Atendimento integral

Além dos exercícios, o grupo trabalha educação em saúde. A farmacêutica Tatiana Borges orienta sobre o uso racional de medicamentos e alerta para os riscos de remédios sem prescrição médica que podem interferir no equilíbrio. “Muitos idosos utilizam medicações por indicação informal, como ansiolíticos, sem acompanhamento adequado, o que pode potencializar tonturas, desequilíbrio e risco de fraturas. Por isso, reforçamos sempre o uso correto e seguro”, afirma.

Magali Soares nota melhoras na mobilidade: "Aqui a gente se exercita, convive com pessoas da mesma idade e se sente mais confiante para o dia a dia"

A alimentação também faz parte do cuidado. A cada encontro, a nutricionista Jesuana Lemos realiza um momento de educação nutricional. “Com o tempo, é comum que os idosos reduzam o consumo de alimentos nutritivos. Por isso, procuramos constantemente desencorajar o consumo de alimentos ultraprocessados com receitas e dicas práticas de alimentação saudável adequada à faixa etária dos participantes”, ressalta.

Há três anos no grupo, a aposentada Magali Soares, 86 anos, percebe mudanças na disposição e na segurança para se movimentar. “Aqui a gente se exercita, convive com pessoas da mesma idade e se sente mais confiante para o dia a dia”, relata.

O grupo é destinado a idosos que têm a UBS 1 do Areal como referência, após avaliação da equipe multiprofissional da unidade. Interessados de outras regiões devem procurar a UBS de referência do seu território para conhecer os grupos disponíveis e as formas de participação. 

Osteoporose

Idosos com diagnóstico de osteoporose têm maior probabilidade de sofrer quedas. A doença óssea é a principal causa de fraturas após os 50 anos e tende a crescer com o envelhecimento da população. A Fundação Internacional de Osteoporose (IOF, na sigla em inglês) estima que uma em cada três mulheres e um em cada cinco homens acima dessa idade sofrerão fraturas relacionadas à condição.

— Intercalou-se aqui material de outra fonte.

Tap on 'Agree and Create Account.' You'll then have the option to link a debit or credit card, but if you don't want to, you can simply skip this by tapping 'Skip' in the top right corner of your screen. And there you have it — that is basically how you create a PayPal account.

Além dos exercícios, o grupo trabalha educação em saúde, com orientação sobre uso de medicamentos

“É uma doença silenciosa que não causa dor até que ocorra uma fratura, podendo atingir quadril, coluna e costelas, o que reforça a importância do diagnóstico precoce”, alerta o reumatologista e referência técnica distrital da SES-DF, Rodrigo Aires.

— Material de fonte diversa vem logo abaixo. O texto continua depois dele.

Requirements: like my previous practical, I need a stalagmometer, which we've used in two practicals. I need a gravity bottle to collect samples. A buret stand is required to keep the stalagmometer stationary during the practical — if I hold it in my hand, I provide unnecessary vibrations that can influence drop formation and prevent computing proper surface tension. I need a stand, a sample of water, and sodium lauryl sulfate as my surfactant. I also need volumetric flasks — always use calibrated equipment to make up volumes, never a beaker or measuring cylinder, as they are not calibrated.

O especialista ressalta que o tratamento envolve medicamentos, suplementação alimentar, exercícios físicos e controle de fatores de risco. “Essas medidas reduzem o risco de fraturas, evitam complicações graves, preservam a autonomia e melhoram a qualidade de vida, desde que haja adesão e mudança de hábitos”, diz.

Em 2024, a rede pública do DF realizou cerca de 27 mil atendimentos em reumatologia. Em casos de suspeita ou diagnóstico de osteoporose, o primeiro atendimento deve ser realizado na UBS, que avalia o paciente e, se necessário, o encaminha para acompanhamento especializado. 

O acesso aos medicamentos ocorre pelo Componente Especializado da Assistência Farmacêutica, pelo Centro Especializado em Saúde da Mulher ou pela farmácia ambulatorial do Hospital de Base, conforme o perfil clínico.